Again, this cynicism is not at all surprising, considering the Republican-dominated Congress’ plans to slash veteran’s benefits by $15 billion over the next ten years. They plan across-the-board cuts of 3.8 percent in mandatory spending on entitlements such as compensation for service-connected disabilities, burial benefits, means-tested pensions for permanently disabled low-income veterans, and education benefits like the Montgomery GI Bill. These benefits comprise 93 percent of the funding for programs under the jurisdiction of the Veterans’ Affairs (VA) Committee. For many veterans, this could mean eliminating burial benefits and reducing the cost of living allowance (COLA) increases in compensation payments with service-connected disabilities for the next six to ten years. This could mean 168,000 fewer veterans with health benefits, 400,000 fewer hospital bed days of care for veterans, or 8,700 fewer nurses in VA hospitals. These cuts would arrive right at the same time that aging veterans become even-more dependent upon governmental veterans’ health care programs. If they are so callous and greedy as to cut veteran’s benefits in this way, we can only imagine the cuts they are preparing for the working class as a whole in the coming years!        

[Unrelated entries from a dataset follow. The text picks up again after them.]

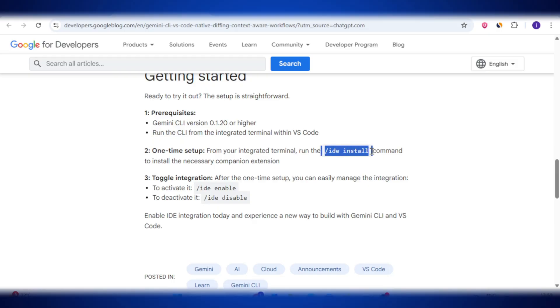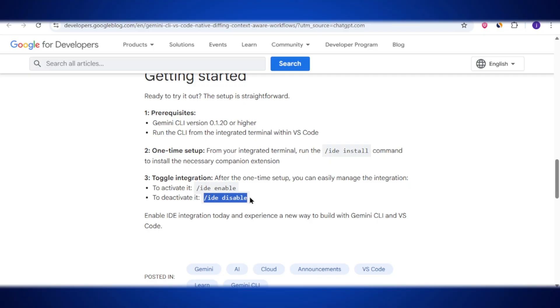Now let's talk about the biggest and probably the most exciting update: Gemini CLI now works directly inside Visual Studio Code. Earlier, you had to use Gemini only in your terminal, which meant switching back and forth between your editor and terminal. But now Gemini actually understands your VS Code workspace — that means it knows which files you have opened and even the exact code you have selected. And the best part: when Gemini suggests changes, you don't just see plain text, you actually get a side-by-side diff view inside VS Code, so you can clearly see what's new, what's changed, and even edit those changes before applying them. Enabling this is super simple — just open your VS Code terminal and type /ide install and /ide enable. Gemini is now linked to your VS Code. If you ever want to turn it off, you can just run /ide disable. This update saves you a ton of time because you don't need to jump between tools anymore — everything happens right in your coding environment.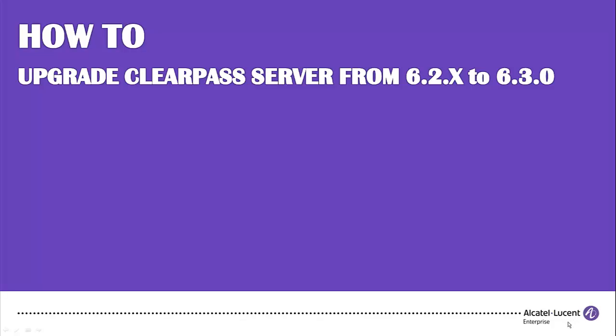In this video demonstration, I will show you the steps to upgrade ClearPass Virtual Appliance from 6.2 to 6.3.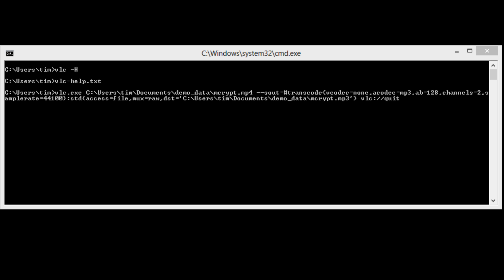AB equals 128 is the output audio bit rate in kilohertz. Channels equals two is the number of audio channels. Sample rate equals 44,100 is the audio sample rate in hertz.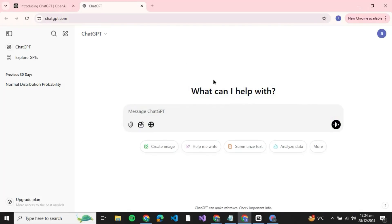How to fix ChatGPT scroll not working. Hello guys and welcome back to the channel. In today's video I'm going to show you how you can fix ChatGPT scroll not working, so let's get started.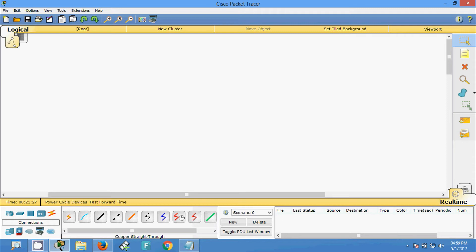Hi friends, welcome. In this video we are going to see how to build a simple network. If you are visiting my channel for the first time, you can subscribe so that newly uploading video information will come to your Gmail. In Packet Tracer, for this simple network I am going to use a router, a switch, and a number of PCs.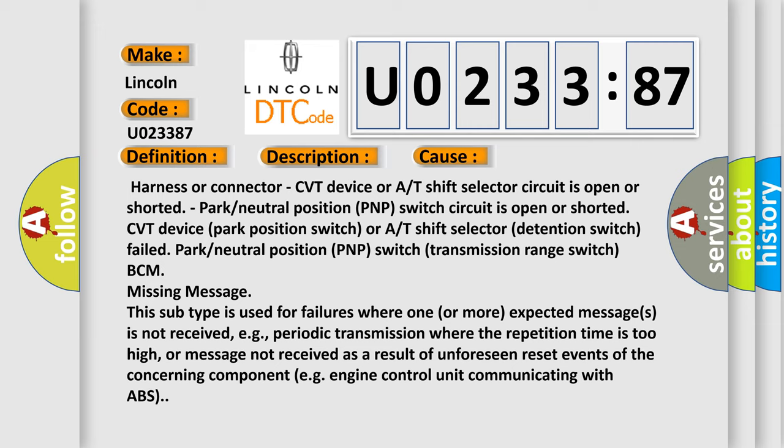BCM missing message. This subtype is used for failures where one or more expected messages is not received, e.g., periodic transmission where the repetition time is too high or message not received as a result of unforeseen reset events of the concerning component, e.g., engine control unit communicating with ABS.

So far, Bush and his “ultra-patriotic” pals have been successful in keeping the real casualty rates from the American people as a whole. But that cannot last forever. Ironically, his treatment of the servicemen and women and their families threatens to undermine an important layer of his electoral support.          There are many other similarities (as well as important differences) between the Vietnam War and the occupation of Iraq, and we will return to this topic in the future. Suffice it to say that despite having learned some lessons from the experience of Vietnam, GW Bush and co. seem to have forgotten one of the most important, and one that will come back to haunt them: soldiers are workers in uniform, and as such, are a reflection of American society as a whole. The “hearts and minds” to be won are above all here in the United States. It is abundantly clear that these people do not represent the interests of working Americans, both in and out of uniform. They are happy to send our children, relatives, and friends to die for the profits of big business, but they can’t even follow through on their promise to “support the troops”. Although it is not as openly apparent now as before the war started, opposition to the Iraqi occupation is much greater now than it has ever been. Tremendous discontent is simmering below the surface of American society, and sooner or later, the US working class will move decisively to end the rule of the handful of ultra-rich men and women who currently control our lives.